Copy the listing below line for line, from its opening line to the one with "Воздушные шары набор", both included; stop there.

RECORDED DATA –
++++++++++++++++++++

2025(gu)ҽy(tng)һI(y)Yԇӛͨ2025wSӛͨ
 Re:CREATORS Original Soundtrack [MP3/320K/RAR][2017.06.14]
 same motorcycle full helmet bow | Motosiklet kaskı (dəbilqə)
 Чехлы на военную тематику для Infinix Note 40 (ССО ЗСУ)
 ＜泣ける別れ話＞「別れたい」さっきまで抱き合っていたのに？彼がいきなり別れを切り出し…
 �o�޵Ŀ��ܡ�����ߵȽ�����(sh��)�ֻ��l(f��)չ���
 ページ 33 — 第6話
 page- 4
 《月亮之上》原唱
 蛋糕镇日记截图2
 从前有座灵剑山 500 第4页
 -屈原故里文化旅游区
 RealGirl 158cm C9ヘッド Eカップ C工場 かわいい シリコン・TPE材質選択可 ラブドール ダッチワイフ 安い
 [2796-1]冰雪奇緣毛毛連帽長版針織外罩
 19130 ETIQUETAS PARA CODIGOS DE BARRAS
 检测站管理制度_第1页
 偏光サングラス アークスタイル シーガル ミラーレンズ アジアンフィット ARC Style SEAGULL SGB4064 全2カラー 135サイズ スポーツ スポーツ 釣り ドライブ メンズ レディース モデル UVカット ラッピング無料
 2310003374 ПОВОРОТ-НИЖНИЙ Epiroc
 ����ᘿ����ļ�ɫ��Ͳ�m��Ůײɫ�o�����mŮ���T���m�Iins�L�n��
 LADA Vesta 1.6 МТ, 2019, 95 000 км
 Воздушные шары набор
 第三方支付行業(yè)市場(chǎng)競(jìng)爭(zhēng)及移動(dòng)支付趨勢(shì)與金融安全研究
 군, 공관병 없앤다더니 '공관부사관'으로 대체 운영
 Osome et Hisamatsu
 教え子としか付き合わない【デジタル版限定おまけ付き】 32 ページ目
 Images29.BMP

++++++++++++++++++++

WORKED SOLUTION –
2025(gu)ҽy(tng)һI(y)Yԇӛͨ2025wSӛͨ
 Re:CREATORS Original Soundtrack [MP3/320K/RAR][2017.06.14]
 same motorcycle full helmet bow | Motosiklet kaskı (dəbilqə)
 Чехлы на военную тематику для Infinix Note 40 (ССО ЗСУ)
 ＜泣ける別れ話＞「別れたい」さっきまで抱き合っていたのに？彼がいきなり別れを切り出し…
 �o�޵Ŀ��ܡ�����ߵȽ�����(sh��)�ֻ��l(f��)չ���
 ページ 33 — 第6話
 page- 4
 《月亮之上》原唱
 蛋糕镇日记截图2
 从前有座灵剑山 500 第4页
 -屈原故里文化旅游区
 RealGirl 158cm C9ヘッド Eカップ C工場 かわいい シリコン・TPE材質選択可 ラブドール ダッチワイフ 安い
 [2796-1]冰雪奇緣毛毛連帽長版針織外罩
 19130 ETIQUETAS PARA CODIGOS DE BARRAS
 检测站管理制度_第1页
 偏光サングラス アークスタイル シーガル ミラーレンズ アジアンフィット ARC Style SEAGULL SGB4064 全2カラー 135サイズ スポーツ スポーツ 釣り ドライブ メンズ レディース モデル UVカット ラッピング無料
 2310003374 ПОВОРОТ-НИЖНИЙ Epiroc
 ����ᘿ����ļ�ɫ��Ͳ�m��Ůײɫ�o�����mŮ���T���m�Iins�L�n��
 LADA Vesta 1.6 МТ, 2019, 95 000 км
 Воздушные шары набор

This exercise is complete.